Download or read book Oregon Trail written by Laura K. Murray and published by ABDO. This book was released on 2016-08-15 with total page 51 pages. Available in PDF, EPUB and Kindle. Book excerpt: Excitement over the West inspired thousands of Americans in the mid-1800s to start new lives on the other side of the continent. The Oregon Trailfollows the trials and hopes of the emigrants' journeys. Easy-to-read text, vivid images, and helpful back matter give readers a clear look at this subject. Features include a table of contents, maps, a glossary, additional resources, and an index. Aligned to Common Core Standards and correlated to state standards. Core Library is an imprint of Abdo Publishing, a division of ABDO.

Book Deep Trails in the Old West

Download or read book Deep Trails in the Old West written by Frank Clifford and published by University of Oklahoma Press. This book was released on 2012-09-24 with total page 370 pages. Available in PDF, EPUB and Kindle. Book excerpt: Cowboy and drifter Frank Clifford lived a lot of lives—and raised a lot of hell—in the first quarter of his life. The number of times he changed his name—Clifford being just one of them—suggests that he often traveled just steps ahead of the law. During the 1870s and 1880s his restless spirit led him all over the Southwest, crossing the paths of many of the era’s most notorious characters, most notably Clay Allison and Billy the Kid.
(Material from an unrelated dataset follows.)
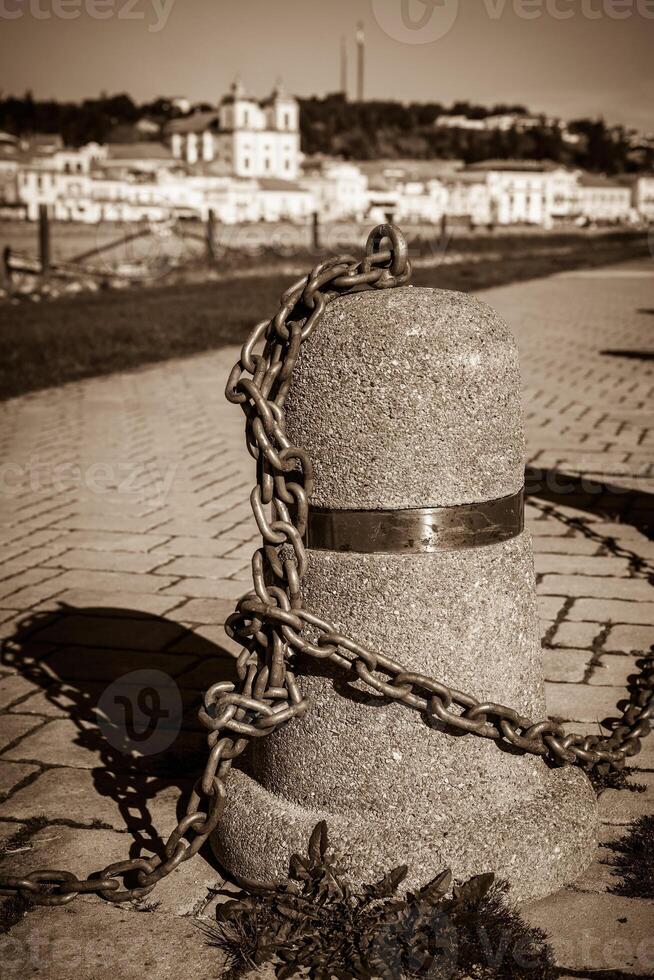 Stub posts linked in a chain on a quay photo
More than just an entertaining and informative narrative of his Wild West adventures, Clifford’s memoir also paints a picture of how ranchers and ordinary folk lived, worked, and stayed alive during those tumultuous years. Written in 1940 and edited and annotated by Frederick Nolan, Deep Trails in the Old West is likely one of the last eyewitness histories of the old West ever to be discovered. As Frank Clifford, the author rode with outlaw Clay Allison’s Colfax County vigilantes, traveled with Charlie Siringo, cowboyed on the Bell Ranch, contended with Apaches, and mined for gold in Hillsboro. In 1880 he was one of the Panhandle cowboys sent into New Mexico to recover cattle stolen by Billy the Kid and his compañeros—and in the process he got to know the Kid dangerously well. In unveiling this work, Nolan faithfully preserves Clifford’s own words, providing helpful annotation without censoring either the author’s strong opinions or his racial biases. For all its roughness, Deep Trails in the Old West is a rich resource of frontier lore, customs, and manners, told by a man who saw the Old West at its wildest—and lived to tell the tale.
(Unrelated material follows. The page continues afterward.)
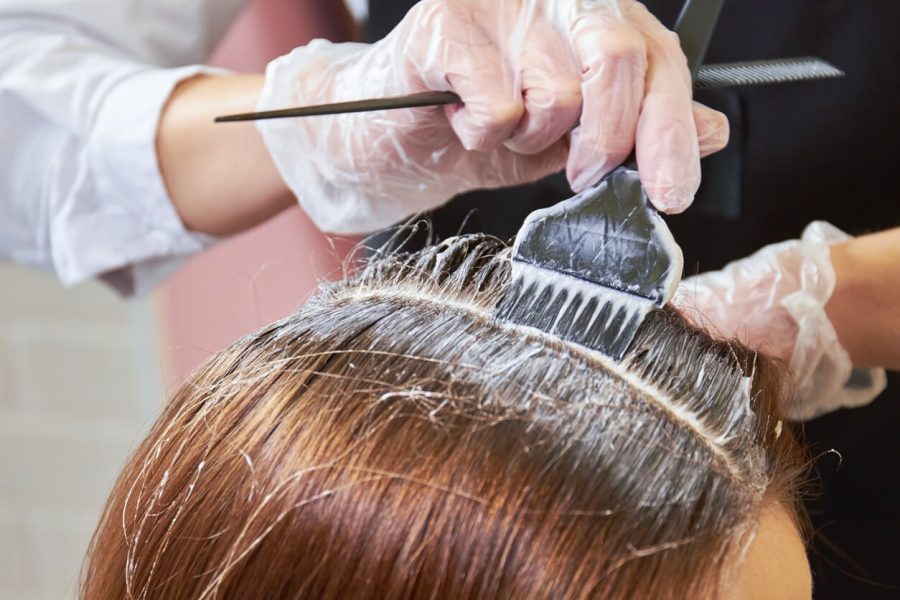 Woman using hair dye on another woman's hair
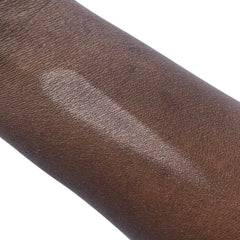 Skin swatch showing brown skin with a light silver streak applied to the arm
Book Trail of the Wild West

Download or read book Trail of the Wild West written by and published by . This book was released on with total page 101 pages. Available in PDF, EPUB and Kindle. Book excerpt:

Book Wildest of the Wild West

    Book Details:
  • Author : Howard Bryan
  • Publisher : Clear Light Pub
  • Release : 1991-07-01
  • ISBN : 9780940666139
  • Pages : 269 pages

Download or read book Wildest of the Wild West written by Howard Bryan and published by Clear Light Pub. This book was released on 1991-07-01 with total page 269 pages. Available in PDF, EPUB and Kindle. Book excerpt: The 'Wild West' stories of Dodge City, Deadwood, and Tombstone pale in comparison to the incredible story of Las Vegas, New Mexico, for decades considered the most violent community on America's western frontier. In Wildest of the Wild West, popular Western historian Howard Bryan provides a spirited account of the violent, melodramatic, and often bizarre events that centred in and around this small Hispanic farm and ranching community from 1835 to 1915.

Book Explore the Wild West

Download or read book Explore the Wild West written by Anita Yasuda and published by Nomad Press. This book was released on 2012-06-18 with total page 166 pages. Available in PDF, EPUB and Kindle. Book excerpt: Explore the Wild West! 25 Great Projects, Activities, Experiments invites young readers ages 6–9 to experience the spirit of the Wild West. Kids learn about explorers who mapped the American West, Native Americans, gold miners, cowboy culture, cattle drives, Wild West legends, frontier towns, peacekeepers, lawbreakers, and much more. Through projects ranging from making a settler’s soddie to mining for gold, kids develop a better understanding of the rich history of the Wild West in the 1800s.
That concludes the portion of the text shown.